About 220,000 angels were active in the United States in 2004, according to the Center for Venture Research at the University of New Hampshire. Fifteen to 20 percent of them did their investing through angel groups. These groups have signature investment styles and processes for sizing up entrepreneurs.
Members of an angel group can take advantage of one another’s industry experience to make informed investments in sectors with which they are not personally familiar. “A big group has 40 or 60 or 100 people who are experts in different things,” says James Geshwiler, who manages CommonAngels, a group in the Boston area.
Unfortunately, as Artour Baganov, a founder of Alliance of Angels in Seattle, points out, an investor simply sticking to industries he knows takes risks. “If you invest entirely in semiconductors, it does not matter how much of an expert you are; when the sector is down you’re still going to be in trouble,” he says.

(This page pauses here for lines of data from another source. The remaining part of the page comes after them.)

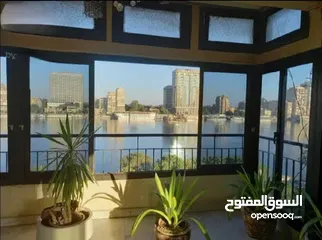  2 استلام فوري على كورنيش المعادي و النيل مباشره متشطب بالتكيفات بالفرش بالاجهزه برج فندقي بالكامل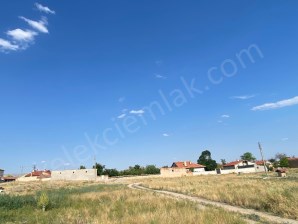 AKÇEŞME İLKOKULU ARKASINDA ARSA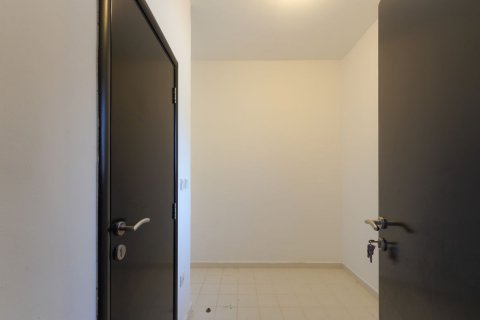 Pronë komerciale në Al Reef, Abu Dhabi, Emiratet e Bashkuara Arabe 5 dhoma gjumi, 273 m2. № 594657 - Foto 7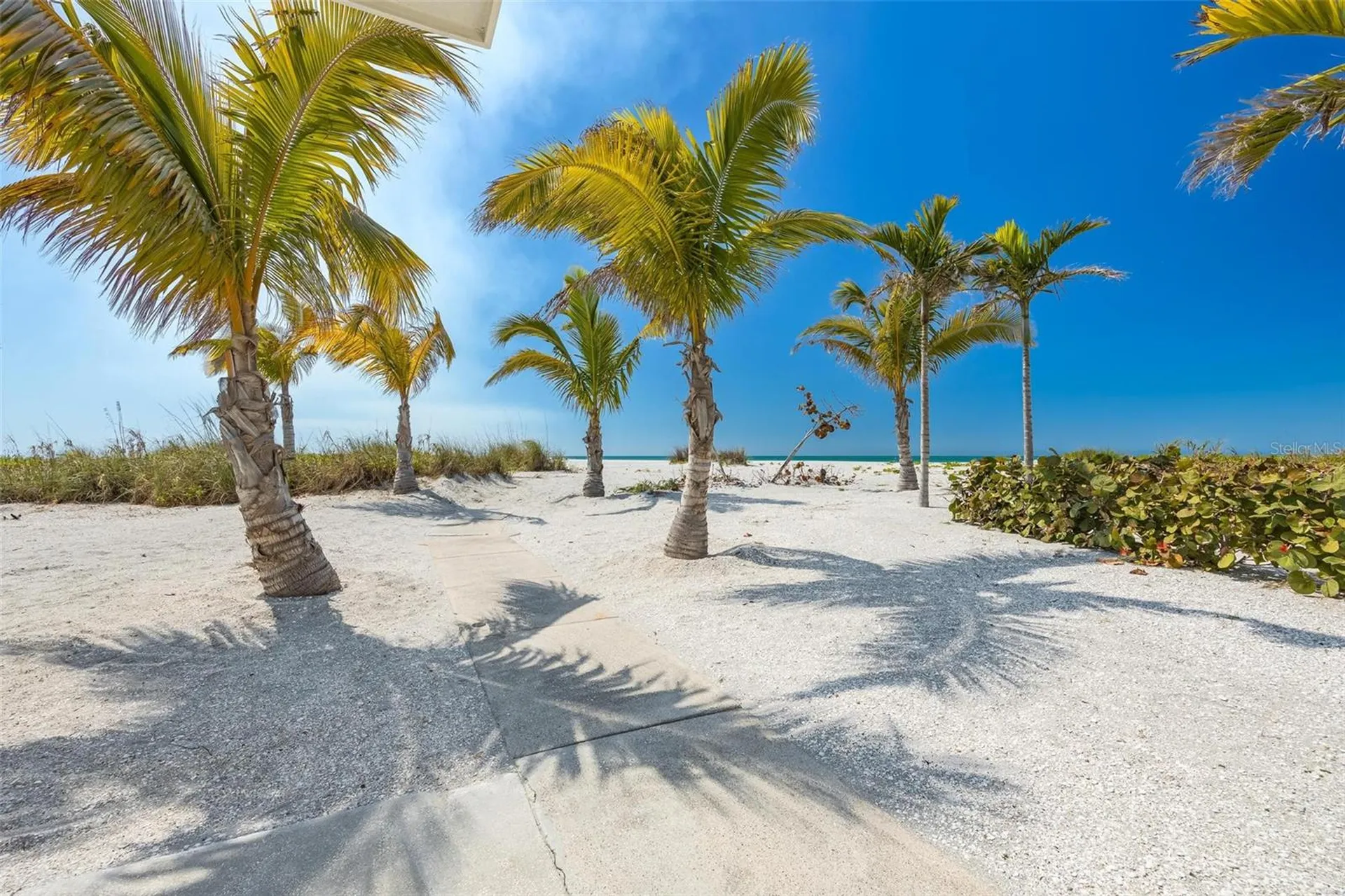 2740 N Beach Road Englewood FL 34223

This is one reason for the popularity of angel groups—members benefit from one another’s experience, and thereby diversify their portfolios without making uneducated investments. Deciding how much to rely on others is the trick. During the bubble, members of angel groups often relied entirely on the advice of others, only to regret it later. Chris Somogyi, a member of the Alliance of Angels, avoided the dot-com hype, but relied on advice from friends and colleagues in deciding to invest in what would become the loss-battered telecommunications sector. “It didn’t work out very well,” he admits.